The trailer wasn’t big enough for a party, but there was ample room for him to move around. It was hard for two to maneuver, though. She slipped off her boots and dropped in the chair when she saw she was going to be in his way. He opened and closed cupboards, taking out plates, silverware, napkins. His TV was on, tuned to the news, but without sound. He kept up an easy conversation.
“I have a place in Wyoming. A little house, on a spread of land by a creek. That’s where I grew up, out West, but I’ve had the trailer for years. Sometimes I’m gone months at a time with my work, and I’d go nuts trying to live in motels and finding rental places. This way I can have my own stuff with me.”
“So...you go wherever the wolves are?”
“Not always wolves. But they’re my love, and I seemed to have ended up specializing in them whether I planned it or not. I worked for the EPA for a while, then hooked up with the National Park Service. For this project I’ve been loaned out to the state of Michigan—their DNR, Department of Natural Resources. Never seems to matter who’s signing my paychecks, I end up doing the same thing. There just aren’t a lot of people who get real excited about tackling a wounded wolf, or moving a pack of ‘em. Maybe it’s like a doc who overspecialized. There’s nobody else who does the job—or really wants the job—so I’m the stuckee.”

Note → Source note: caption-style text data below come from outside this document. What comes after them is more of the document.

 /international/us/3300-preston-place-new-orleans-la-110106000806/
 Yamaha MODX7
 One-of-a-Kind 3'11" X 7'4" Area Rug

“You’ve traveled all over?”
“From Mexico to Alaska,” he confirmed. “The red wolf, gray wolf, Mexican wolf—they’re all threatened. Only three places on the planet where they’re not, though lots of people are sympathetic to the cause. The UP here has really worked at it—set up a Michigan Wolf Recovery Team, and backed that up with good laws and stiff penalties for killing wolves. But the bottom line is that when a wolf’s causing trouble, the easiest solution is to shoot him—or trap and put him in captivity, out of harm’s way. Nobody’s to blame for that. A problem wolf, wild, part of his pack, in his own environment...he doesn’t make it real easy to help him. It’s just a lot easier for someone who knows the species to take the ball.”